Content
What is this course about?
Language models serve as the cornerstone of modern natural language processing (NLP) applications and open up a new paradigm of having a single general purpose system address a range of downstream tasks. As the field of artificial intelligence (AI), machine learning (ML), and NLP continues to grow, possessing a deep understanding of language models becomes essential for scientists and engineers alike. This course is designed to provide students with a comprehensive understanding of language models by walking them through the entire process of developing their own. Drawing inspiration from operating systems courses that create an entire operating system from scratch, we will lead students through every aspect of language model creation, including data collection and cleaning for pre-training, transformer model construction, model training, and evaluation before deployment.
Prerequisites
-
Proficiency in Python
The majority of class assignments will be in Python. Unlike most other AI classes, students will be given minimal scaffolding. The amount of code you will write will be at least an order of magnitude greater than for other classes. Therefore, being proficient in Python and software engineering is paramount.
-
Experience with deep learning and systems optimization
A significant part of the course will involve making neural language models run quickly and efficiently on GPUs across multiple machines.
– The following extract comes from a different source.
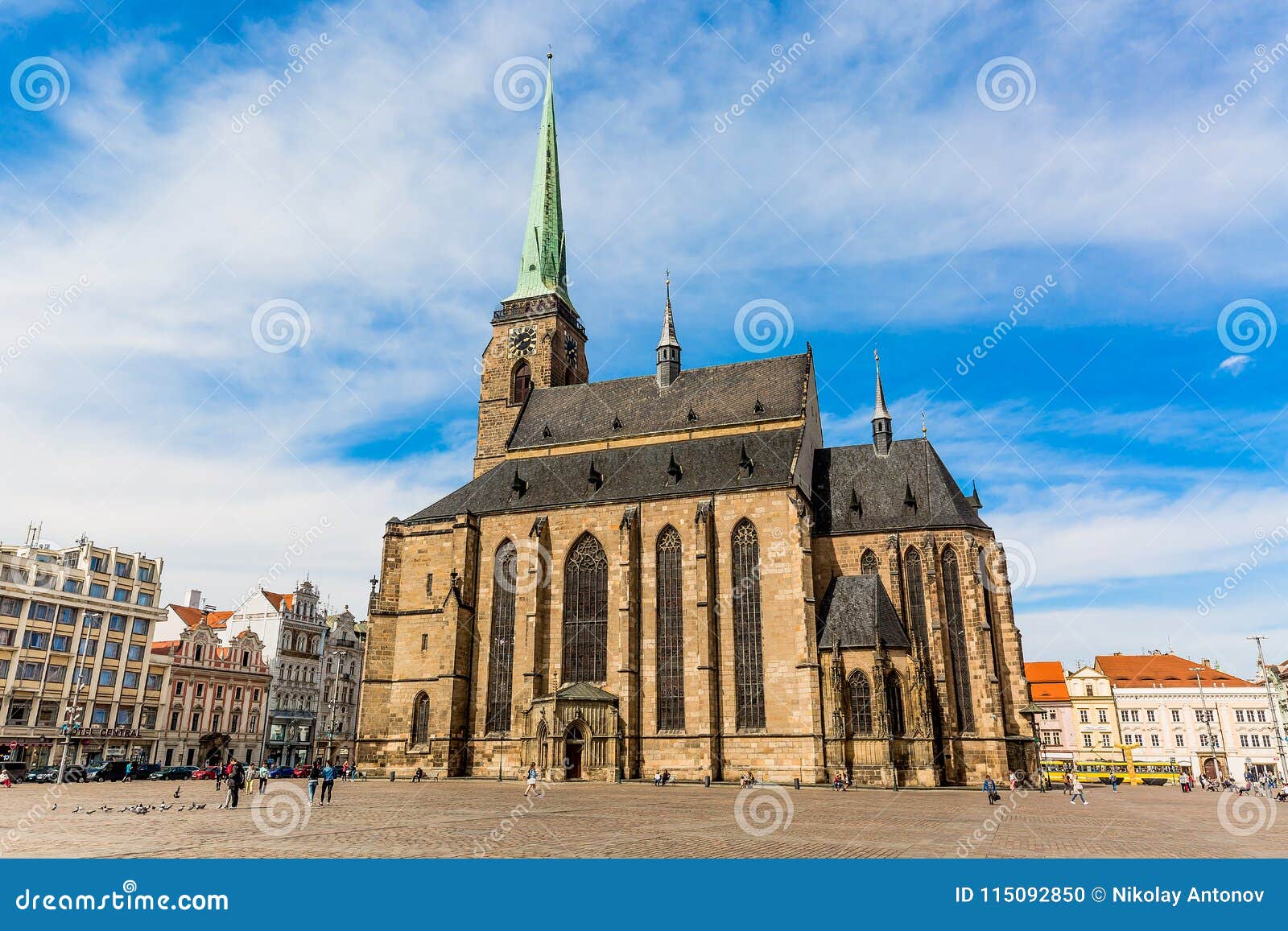 https://mdw-travel-data-us-east-1.s3.amazonaws.com/img/country/Czech-Republic/St-Bartholomews-Church/img_02.jpg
We expect students to be able to have a strong familiarity with PyTorch and know basic systems concepts like the memory hierarchy.
-
College Calculus, Linear Algebra (e.g. MATH 51, CME 100)
You should be comfortable understanding matrix/vector notation and operations.
-
Basic Probability and Statistics (e.g. CS 109 or equivalent)
You should know the basics of probabilities, Gaussian distributions, mean, standard deviation, etc.
-
Machine Learning (e.g. CS221, CS229, CS230, CS124, CS224N)
You should be comfortable with the basics of machine learning and deep learning.
Note that this is a 5-unit class. This is a very implementation-heavy class, so please allocate enough time for it.